I’m not sure exactly what criteria were used to create the rankings, but it looks like the top unisex names on this list were the top-1,000 names that “stuck around that 50-50 split” the longest from 1930 to 2012.
(In contrast, my unisex baby names page lists any name on the full list to fall within the 25-75 to 75-25 range, but only in the most recent year on record.)
The FlowingData post also mentions that, though the data is pretty noisy, there might be “a mild upward trend” over the years in the number of babies with a unisex name.
**In 1957, Johnny Carson’s 5-year-old son Kim had his name changed to Richard because he’d been having “a little trouble over his name being mistaken for a girl’s.”
Arvid Huisman, columnist for Webster City’s Daily Freeman-Journal, recently wrote a piece called What’s in a name? Here’s an excerpt:
As a first grader I wanted to be named Johnnie or Bobbie or Billie or Tommie — just about anything except Arvid.

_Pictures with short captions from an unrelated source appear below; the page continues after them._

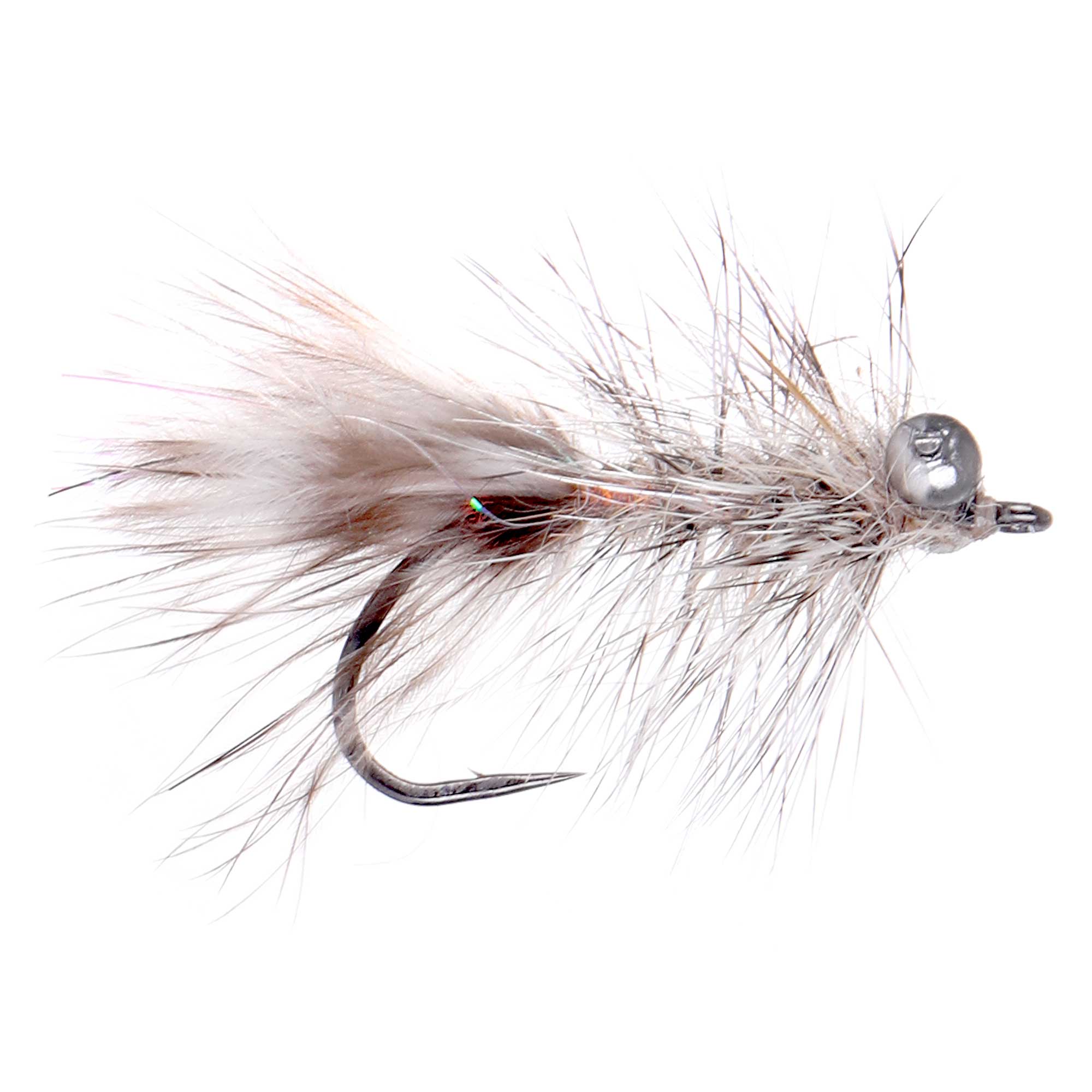 Future Fly Magnus sea trout fly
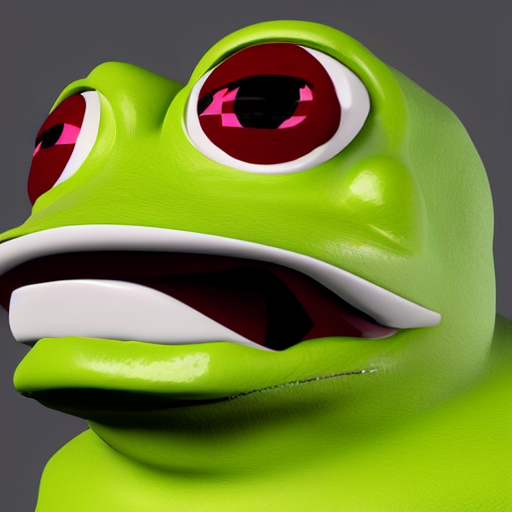 Latvia Slander 🇱🇻🇺🇦 on Twitter: "Photo of an evil Pepe the frog meme ...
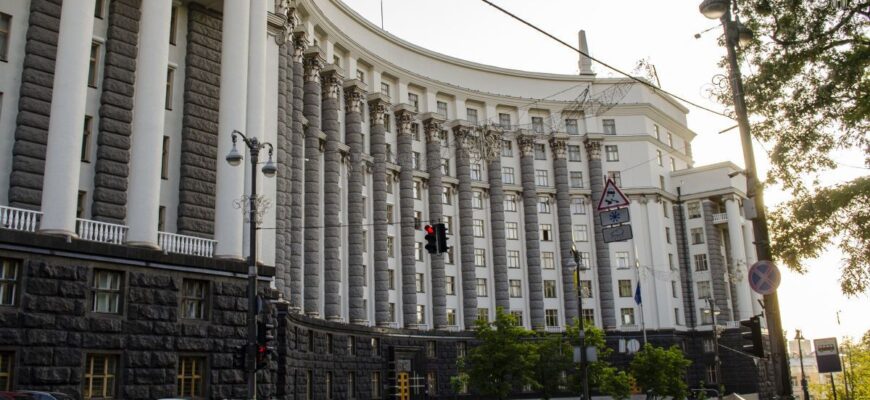 Велика чистка в Уряді: хто втратить крісло, а хто отримає новий шанс
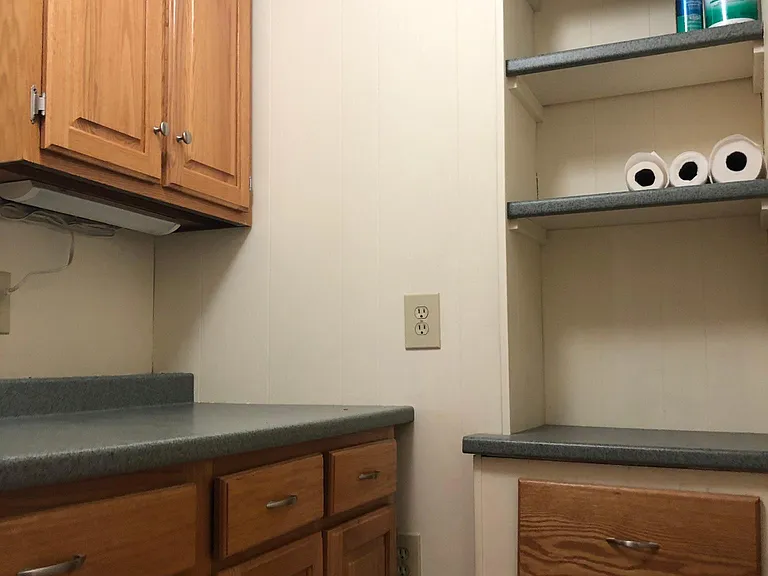 Pantry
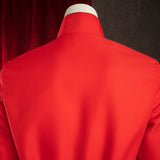 Ranma ½ Ranma 1/2 Ranma Saotome Cosplay Costume Costume - Tophatter Daily Deals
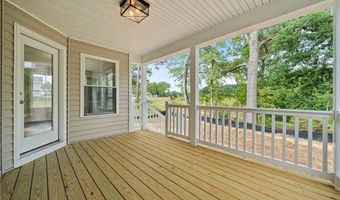 535 Wendenburg Ter LOT 1, Aylett, VA 23009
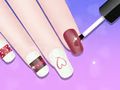 遊戲女孩美甲沙龍 在線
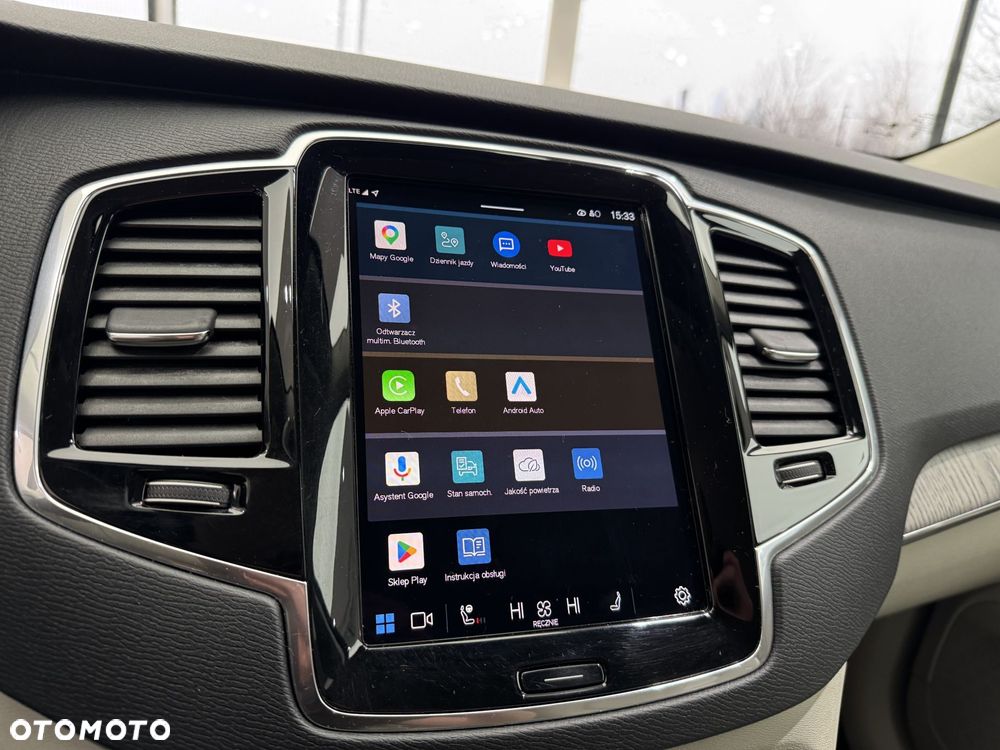 Volvo XC 90 - 31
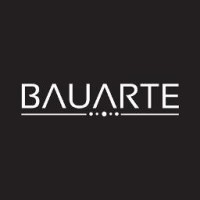 Bauarte logo - Similar company to Faculdade De Tecnologia Alpha Channel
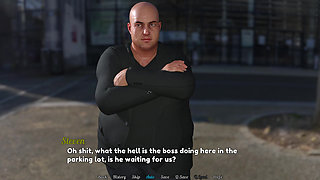 Perfect Housewife Update #14 to Be Continue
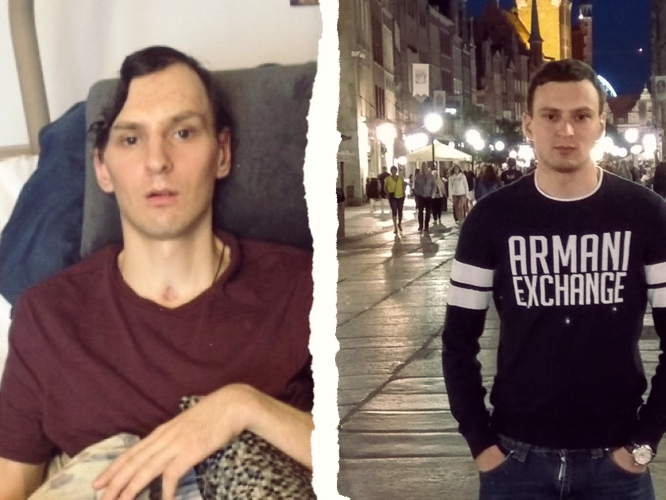 Stanisław Kirysiuk - zdjęcie główne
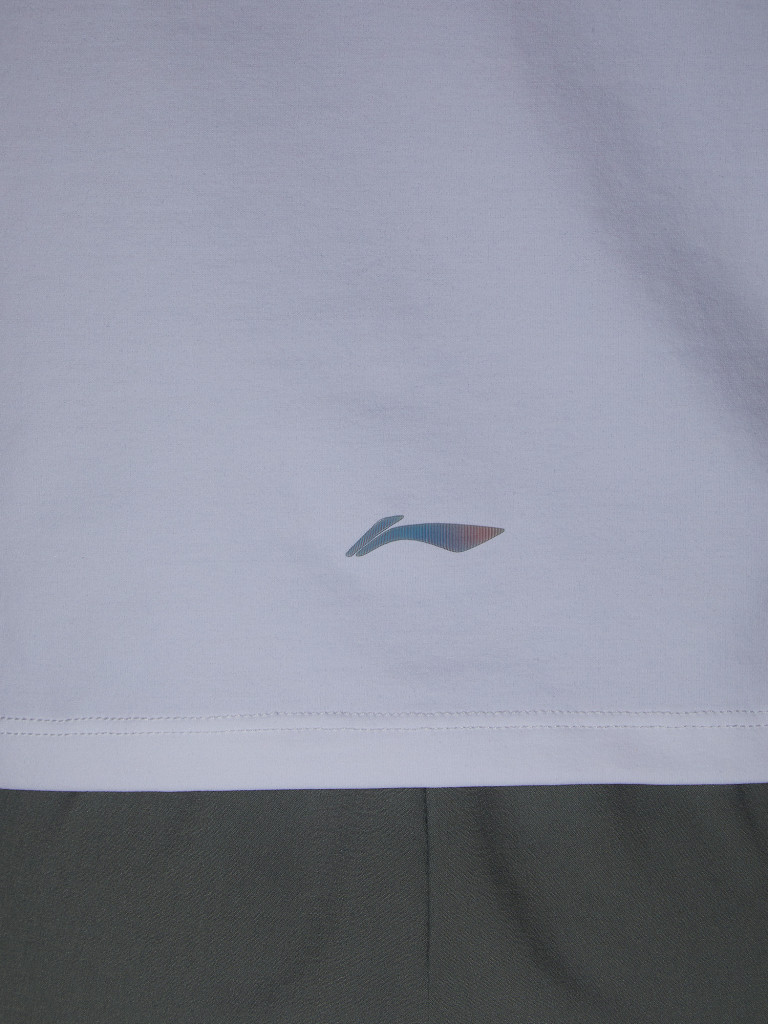 Футболка женская Li-Ning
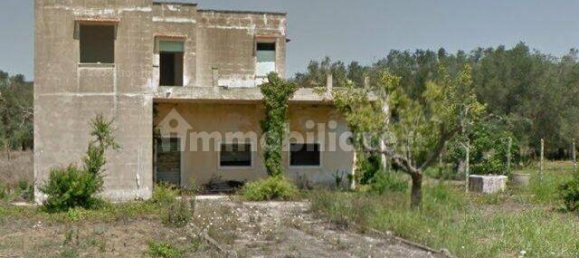 5-Zimmer Haus in Campi Salentina, Italy, Nr. 152801 15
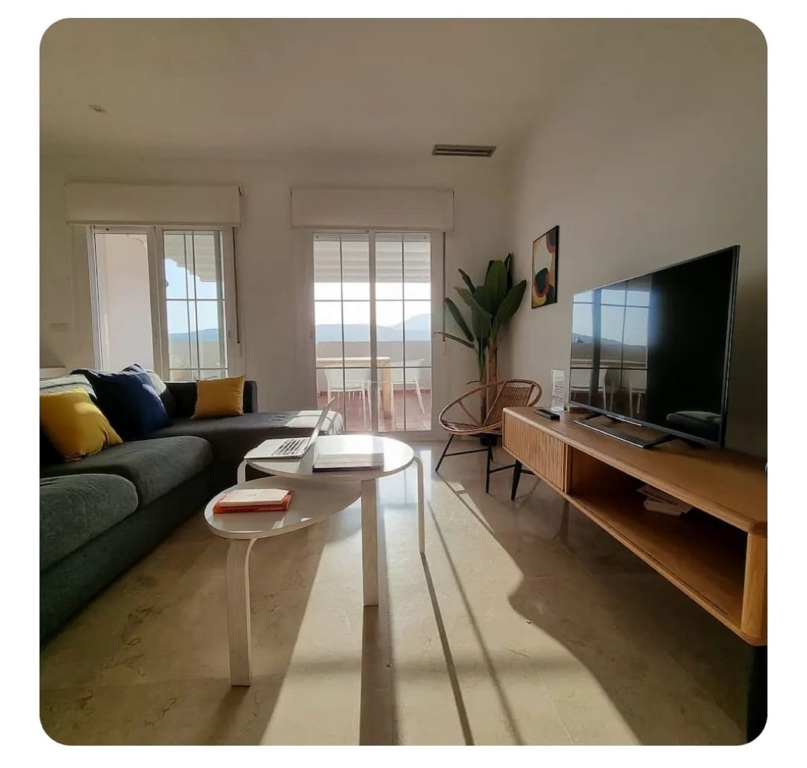 Imagen 2 de Dúplex en Venta en Istan Málaga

By the time I was a young adult I realized that a unique name can be an asset and I continue to believe that. Once people commit an uncommon name to memory they don’t soon forget and that’s a good thing in business.
He (now) appreciates his own name, but he isn’t a big fan of names that are “exceptionally strange.” As an example, he offers the name La-a:
Care to take a guess on how to pronounce that? I needed help with it. It is pronounced La-dash-ah. Get it? La(dash)a. Now that’s just plain stupid.